Something happened on Friday evening that freaked me out something huge about my Dad and I had a real difficult night and didn't even really sleep. Yesterday was icky feeling, too, and I couldn't put my finger on it. I was working on the computer and got this prickly feeling down my spine. It was so odd and disturbing so I tried to ignore it. Eventually I fell asleep from lack of sleep and when I woke up I had this weird feeling that Dad was here and I actually got up and went looking, in that half asleep, half awake stage. I was calling for him and started crying when I remembered he was gone. THen I went to unlock the front entry so that I could get the paper and saw that his favorite picture had fallen off the wall, the glass didn't even break, and was lying on the brick in the entry way, face up. The picture is a sketch of a man riding a horse, a picture that always reminded Dad of his father. I couldn't believe it hadn't broken, it fell OFF the wall onto the brick tiles!! I picked it up and was holding it, checking to see if any damage was done to the frame and I found an envelope taped to the back and the envelope had my name on it!! Seriously freaked out at this point. I opened the envelope and inside was a short note from my dad, obviously written toward the last of his life because it was pretty shaky, and he wrote using the language he always did when referring to a short letter, a "missive."

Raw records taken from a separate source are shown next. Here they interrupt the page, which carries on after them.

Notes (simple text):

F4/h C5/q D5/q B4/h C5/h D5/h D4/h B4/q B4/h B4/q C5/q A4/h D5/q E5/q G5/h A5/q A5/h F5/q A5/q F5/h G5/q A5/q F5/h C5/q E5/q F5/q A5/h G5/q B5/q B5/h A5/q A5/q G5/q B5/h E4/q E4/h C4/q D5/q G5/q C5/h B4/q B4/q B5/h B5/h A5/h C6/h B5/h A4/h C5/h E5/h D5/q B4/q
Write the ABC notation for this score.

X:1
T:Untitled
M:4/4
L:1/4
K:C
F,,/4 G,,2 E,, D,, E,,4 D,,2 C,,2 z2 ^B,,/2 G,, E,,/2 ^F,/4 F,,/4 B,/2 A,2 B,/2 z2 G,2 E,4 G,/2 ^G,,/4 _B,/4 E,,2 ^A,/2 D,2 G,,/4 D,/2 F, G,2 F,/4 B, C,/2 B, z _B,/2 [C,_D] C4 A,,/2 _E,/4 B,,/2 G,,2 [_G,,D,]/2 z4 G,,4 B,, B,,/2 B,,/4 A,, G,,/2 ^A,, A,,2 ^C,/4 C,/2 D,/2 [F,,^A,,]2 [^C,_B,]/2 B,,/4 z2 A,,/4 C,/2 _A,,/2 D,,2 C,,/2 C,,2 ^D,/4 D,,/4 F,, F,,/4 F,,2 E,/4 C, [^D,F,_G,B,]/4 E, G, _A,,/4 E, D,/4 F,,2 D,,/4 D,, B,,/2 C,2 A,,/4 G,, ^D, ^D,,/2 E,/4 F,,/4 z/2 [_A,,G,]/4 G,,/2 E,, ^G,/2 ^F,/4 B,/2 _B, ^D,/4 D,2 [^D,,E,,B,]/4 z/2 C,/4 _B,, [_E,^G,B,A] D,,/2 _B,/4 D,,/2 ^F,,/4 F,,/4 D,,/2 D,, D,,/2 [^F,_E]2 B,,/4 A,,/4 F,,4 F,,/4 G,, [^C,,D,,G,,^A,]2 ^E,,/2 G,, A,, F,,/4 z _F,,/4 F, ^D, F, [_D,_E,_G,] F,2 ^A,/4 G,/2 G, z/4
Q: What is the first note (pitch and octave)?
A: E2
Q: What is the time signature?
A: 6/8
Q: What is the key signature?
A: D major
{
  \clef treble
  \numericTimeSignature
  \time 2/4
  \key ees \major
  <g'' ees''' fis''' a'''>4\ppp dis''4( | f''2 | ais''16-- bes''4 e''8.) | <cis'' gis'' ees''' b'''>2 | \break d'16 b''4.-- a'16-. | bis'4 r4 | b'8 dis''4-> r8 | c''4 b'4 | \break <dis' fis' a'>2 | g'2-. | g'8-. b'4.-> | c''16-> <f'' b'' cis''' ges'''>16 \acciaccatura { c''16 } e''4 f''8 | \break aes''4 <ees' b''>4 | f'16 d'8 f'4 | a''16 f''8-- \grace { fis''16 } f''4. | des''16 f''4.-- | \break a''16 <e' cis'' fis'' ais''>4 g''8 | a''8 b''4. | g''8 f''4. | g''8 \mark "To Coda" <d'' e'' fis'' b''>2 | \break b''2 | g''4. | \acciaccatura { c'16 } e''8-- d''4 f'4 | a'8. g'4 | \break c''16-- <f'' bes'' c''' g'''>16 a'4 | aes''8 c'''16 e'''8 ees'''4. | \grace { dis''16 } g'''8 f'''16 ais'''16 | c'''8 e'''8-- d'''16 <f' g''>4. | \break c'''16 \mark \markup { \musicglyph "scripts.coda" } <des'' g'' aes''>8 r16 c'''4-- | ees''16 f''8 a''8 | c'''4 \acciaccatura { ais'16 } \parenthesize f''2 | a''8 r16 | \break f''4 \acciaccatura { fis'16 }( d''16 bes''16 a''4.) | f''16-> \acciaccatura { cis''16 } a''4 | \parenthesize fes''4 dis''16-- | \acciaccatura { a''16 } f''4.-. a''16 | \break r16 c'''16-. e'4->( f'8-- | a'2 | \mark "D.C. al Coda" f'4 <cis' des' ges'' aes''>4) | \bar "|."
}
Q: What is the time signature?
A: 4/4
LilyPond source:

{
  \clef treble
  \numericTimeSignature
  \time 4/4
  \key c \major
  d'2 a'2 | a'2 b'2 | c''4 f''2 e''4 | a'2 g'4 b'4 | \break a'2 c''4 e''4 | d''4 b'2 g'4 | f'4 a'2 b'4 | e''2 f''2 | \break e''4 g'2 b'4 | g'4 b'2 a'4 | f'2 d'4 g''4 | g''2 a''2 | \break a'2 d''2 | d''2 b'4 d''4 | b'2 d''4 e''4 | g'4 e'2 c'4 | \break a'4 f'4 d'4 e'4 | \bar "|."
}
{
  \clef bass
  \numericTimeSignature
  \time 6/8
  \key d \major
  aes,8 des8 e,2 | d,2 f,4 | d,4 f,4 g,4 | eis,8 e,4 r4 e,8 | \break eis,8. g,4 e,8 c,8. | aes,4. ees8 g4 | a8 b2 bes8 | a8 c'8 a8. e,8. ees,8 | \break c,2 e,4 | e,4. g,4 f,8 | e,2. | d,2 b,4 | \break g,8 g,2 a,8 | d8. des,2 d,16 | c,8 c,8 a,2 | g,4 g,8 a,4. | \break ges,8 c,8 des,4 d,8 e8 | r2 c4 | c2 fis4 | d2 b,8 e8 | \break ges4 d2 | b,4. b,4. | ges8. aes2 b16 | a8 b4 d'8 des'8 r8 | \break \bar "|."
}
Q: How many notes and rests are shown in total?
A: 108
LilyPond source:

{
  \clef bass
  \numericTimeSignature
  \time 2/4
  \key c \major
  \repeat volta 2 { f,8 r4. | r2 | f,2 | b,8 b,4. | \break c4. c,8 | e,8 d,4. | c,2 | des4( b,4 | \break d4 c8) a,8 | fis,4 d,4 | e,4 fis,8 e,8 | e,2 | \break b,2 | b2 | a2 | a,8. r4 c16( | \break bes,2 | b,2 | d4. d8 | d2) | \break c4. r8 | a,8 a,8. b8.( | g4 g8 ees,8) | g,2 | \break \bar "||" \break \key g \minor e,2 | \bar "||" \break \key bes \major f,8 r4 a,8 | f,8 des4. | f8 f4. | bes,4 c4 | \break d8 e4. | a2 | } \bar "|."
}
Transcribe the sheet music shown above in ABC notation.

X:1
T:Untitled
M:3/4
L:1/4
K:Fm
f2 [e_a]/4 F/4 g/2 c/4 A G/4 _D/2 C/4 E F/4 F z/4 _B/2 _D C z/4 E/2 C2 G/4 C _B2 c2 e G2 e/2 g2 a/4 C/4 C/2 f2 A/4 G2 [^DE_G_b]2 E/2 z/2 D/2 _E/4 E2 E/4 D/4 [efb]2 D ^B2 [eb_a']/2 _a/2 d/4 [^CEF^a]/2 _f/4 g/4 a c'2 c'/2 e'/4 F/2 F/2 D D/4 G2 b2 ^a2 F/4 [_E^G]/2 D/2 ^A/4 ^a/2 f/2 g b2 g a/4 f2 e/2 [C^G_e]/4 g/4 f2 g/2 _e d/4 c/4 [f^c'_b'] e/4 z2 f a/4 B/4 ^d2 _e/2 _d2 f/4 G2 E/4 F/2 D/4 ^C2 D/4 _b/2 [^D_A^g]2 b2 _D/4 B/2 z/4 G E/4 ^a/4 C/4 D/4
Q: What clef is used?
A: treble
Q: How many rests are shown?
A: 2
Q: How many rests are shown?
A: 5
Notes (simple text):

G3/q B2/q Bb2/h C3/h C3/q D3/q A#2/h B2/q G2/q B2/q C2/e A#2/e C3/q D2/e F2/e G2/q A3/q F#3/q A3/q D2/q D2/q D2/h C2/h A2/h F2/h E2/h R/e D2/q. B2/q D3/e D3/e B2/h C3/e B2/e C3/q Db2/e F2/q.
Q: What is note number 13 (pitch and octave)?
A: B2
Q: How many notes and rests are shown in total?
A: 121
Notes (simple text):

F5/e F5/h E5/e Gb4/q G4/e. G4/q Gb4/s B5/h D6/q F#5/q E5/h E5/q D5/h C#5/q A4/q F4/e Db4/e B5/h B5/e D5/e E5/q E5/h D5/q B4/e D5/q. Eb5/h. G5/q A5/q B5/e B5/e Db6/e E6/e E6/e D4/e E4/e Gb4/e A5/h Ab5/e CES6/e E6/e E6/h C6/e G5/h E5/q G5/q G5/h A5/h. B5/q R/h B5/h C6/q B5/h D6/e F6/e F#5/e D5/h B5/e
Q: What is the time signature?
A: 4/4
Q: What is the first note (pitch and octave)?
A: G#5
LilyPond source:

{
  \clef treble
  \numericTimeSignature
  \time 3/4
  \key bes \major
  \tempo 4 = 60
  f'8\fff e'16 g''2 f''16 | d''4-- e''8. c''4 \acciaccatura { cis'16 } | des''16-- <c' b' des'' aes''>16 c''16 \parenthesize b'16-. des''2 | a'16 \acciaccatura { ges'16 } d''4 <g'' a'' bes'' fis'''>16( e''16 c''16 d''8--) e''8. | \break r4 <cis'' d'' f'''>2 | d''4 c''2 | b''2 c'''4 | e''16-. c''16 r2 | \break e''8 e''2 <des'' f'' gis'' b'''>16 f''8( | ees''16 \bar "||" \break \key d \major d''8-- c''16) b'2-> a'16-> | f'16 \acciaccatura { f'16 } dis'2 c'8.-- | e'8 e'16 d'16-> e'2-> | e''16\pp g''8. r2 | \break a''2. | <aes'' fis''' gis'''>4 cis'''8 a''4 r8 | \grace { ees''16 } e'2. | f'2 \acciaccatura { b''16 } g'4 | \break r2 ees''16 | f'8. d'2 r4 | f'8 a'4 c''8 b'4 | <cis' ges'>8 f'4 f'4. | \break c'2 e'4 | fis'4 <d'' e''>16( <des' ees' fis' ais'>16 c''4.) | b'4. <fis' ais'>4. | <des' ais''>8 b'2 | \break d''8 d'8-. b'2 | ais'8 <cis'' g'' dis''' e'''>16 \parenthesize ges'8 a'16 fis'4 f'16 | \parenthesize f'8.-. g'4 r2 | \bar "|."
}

"Dear Linda, I am sending you this brief missive to tell you that this picture always reminded me of Dad. He wasn't much of a Dad sometimes. One time he got on his old horse and headed down the homestead road and didn't come back for months. He told Mother that he was out looking for ranching jobs. But he came back and then my Mother scolded him about leaving without saying good-bye. I hope I never left you without saying good-bye. Your Mother, such a dear woman, and I were always so busy with the restaurants and I might have left without a good-bye on occasion. I am sorry if I did; that was inexcusable. I will never leave without saying good-bye again. I hope you keep this picture to remember me, at least to remember something I liked. It's not worth any money, not an antique or an original, just something I picked up when it caught my eye. Good-bye, Linda. Love, your Dad."
Then he dated his "missive", May 4, 2006. Dad died May 8, 2006.
I had really been missing both him and my Mom. I guess somehow the universe knew I needed to feel them again. My unusual feelings like this don't always end up in such a nice way, but I thought this was such a nice thing. So, thank you Mom for keeping Dad sensitive when he was always so busy, and thank you Dad for always remembering to say "Good-bye."
Like my screen name.....I have survived so much and aim to thrive from all the experiences I have had. It must be possible and I will never stop trying!